瑛斗は私と固く繋いだ手を、皆に見えるように高く掲げた。


「私は、千堂莉子を愛しています。彼女は、私の大切な婚約者です」


瑛斗が言い切ると、会場はしんと静寂に包まれた。


誰もが、信じられない……といった表情で、私たちを見ている。


「そんな、うそでしょ……!」


真由は、顔を真っ赤にしていた。
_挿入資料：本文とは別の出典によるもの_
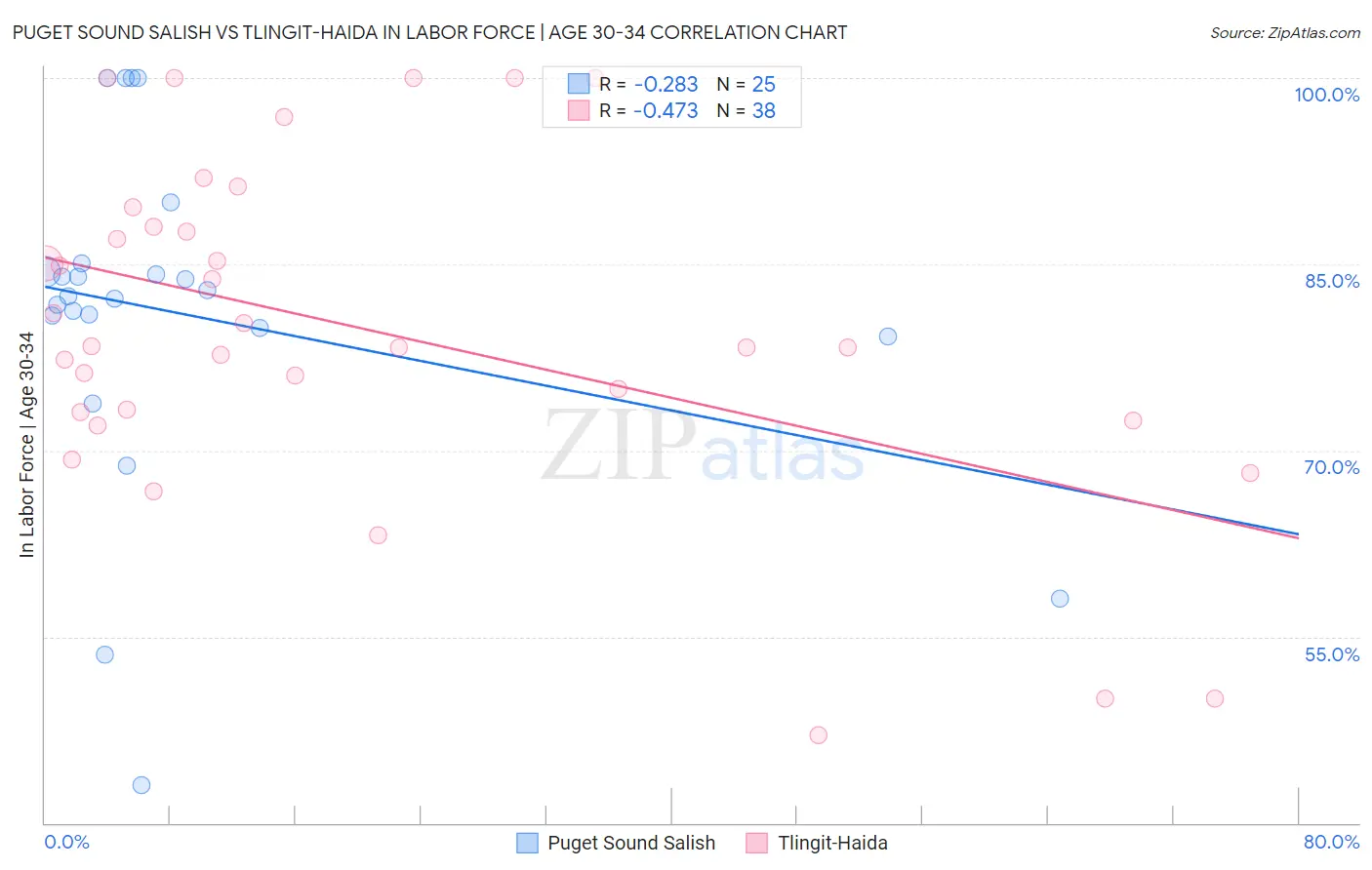 Puget Sound Salish vs Tlingit-Haida In Labor Force | Age 30-34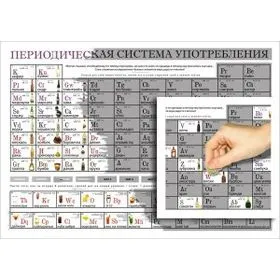 Недорогі подарунки для чоловіка - мільйон подарунків (недорогі подарунки для чоловіка) Недорогі подарунки для чоловіка - мільйон подарунків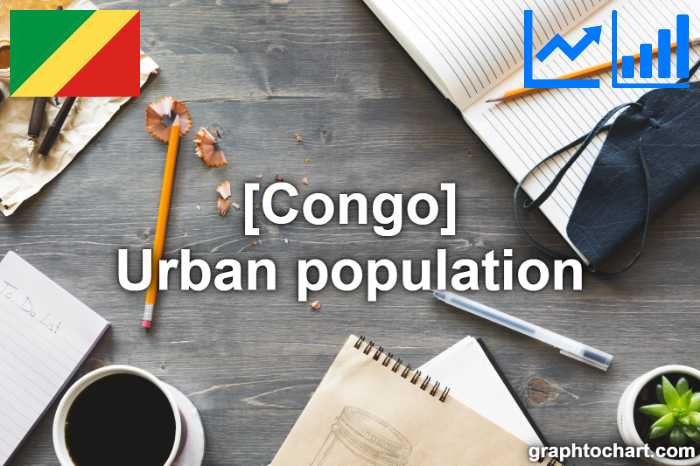 Congo's Urban population(Comparison Chart)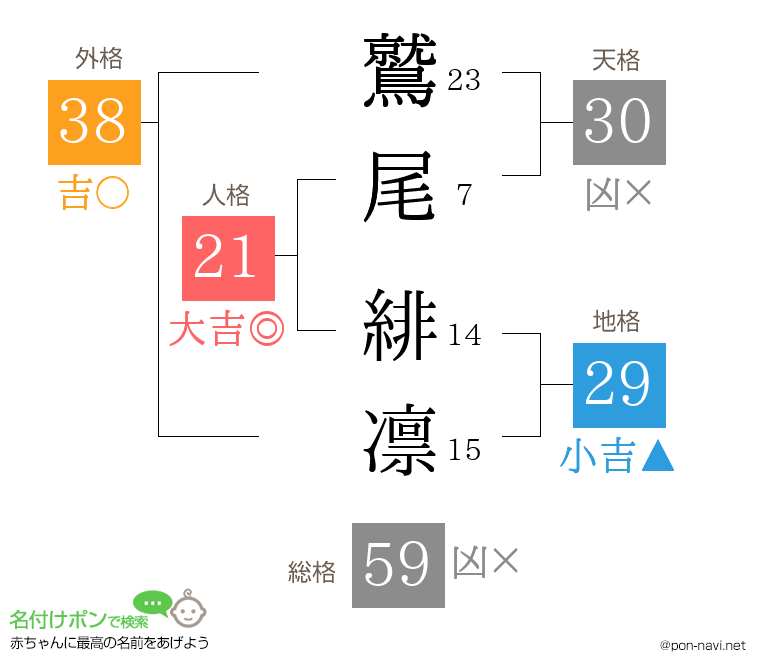 鷲尾 緋凛さんの姓名判断結果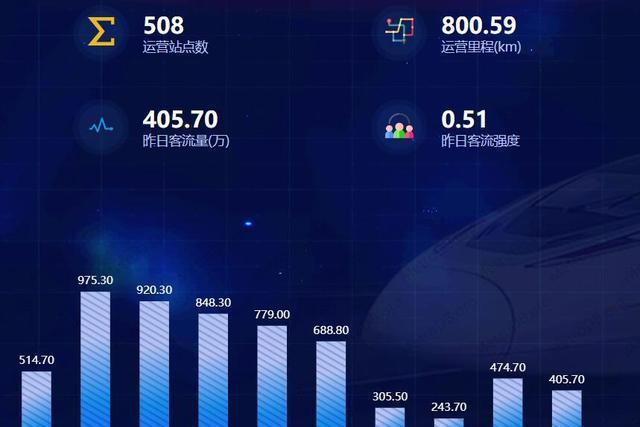 疫情放开管控，曙光初现的未来展望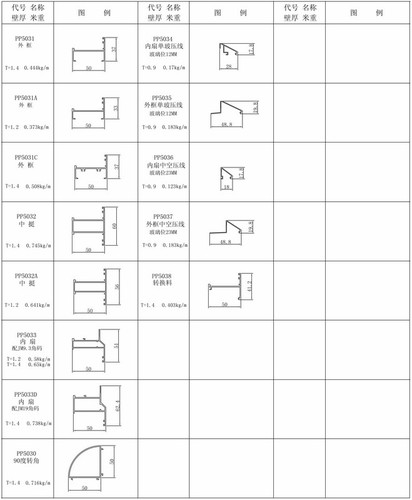 PP503系列平开窗型材图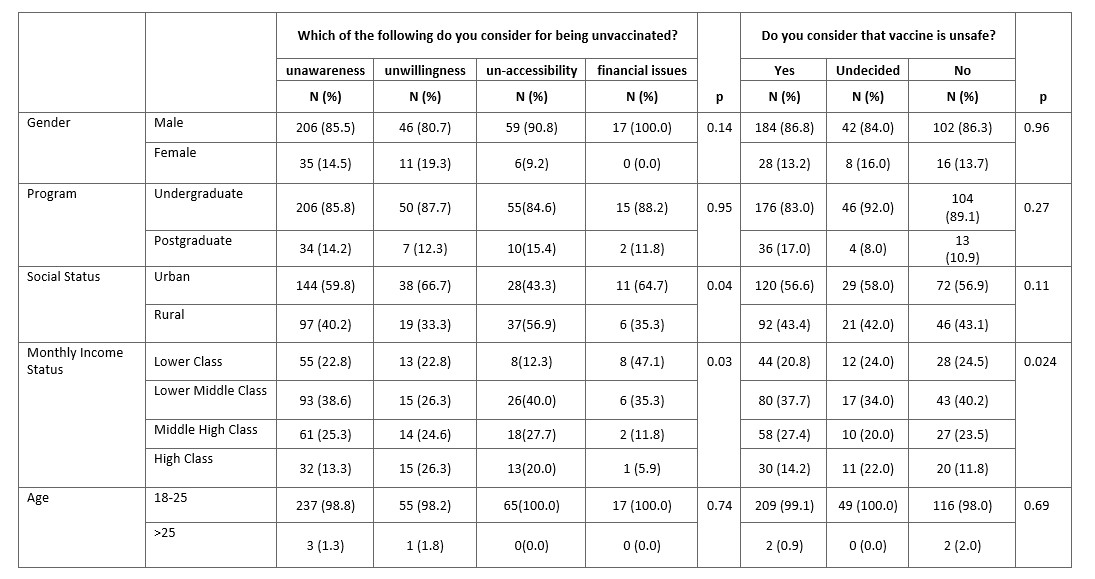 Impact of demographics (independent variables) on barriers to vaccination (dependent variables).
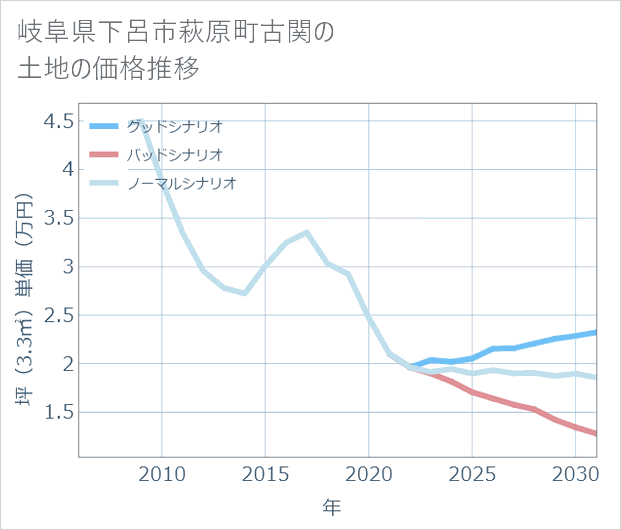 岐阜県下呂市萩原町古関の土地価格推移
彼女の手が、テーブルの下で震えているのが見える。


「どうして、こうなるのよ……」


スマホを握りしめていた真由の手が、力なく滑り落ちていく。


まるで、切り札をすべて失ったかのような、絶望に満ちた顔をしていた。


勝ち誇ったはずの真由の表情から一瞬で光が消え、深い屈辱と後悔がにじみ出る。


その様子を見て、私は言葉を失う。


まさか瑛斗が、こうしてみんなの前で宣言してくれるなんて……。


目頭が熱くなり、涙が頬を伝って流れ落ちる。


自分を守ってくれた瑛斗の姿に、私の心は震えた。


今、私の手を握りしめている瑛斗の掌は、驚くほど温かかった。


打ち上げ後、私は酔って朦朧とする意識の中、瑛斗に肩を支えられていた。


彼は周囲の同僚たちに、深々と頭を下げていた。


「この度は、千堂と宮内がご迷惑をおかけしました。先ほどは、お騒がせしてしまい申し訳ありません」


いつもの冷静な表情に戻った瑛斗に、私は少しだけ戸惑った。


ああ、やっぱり職場ではいつもの『望月課長』だ……。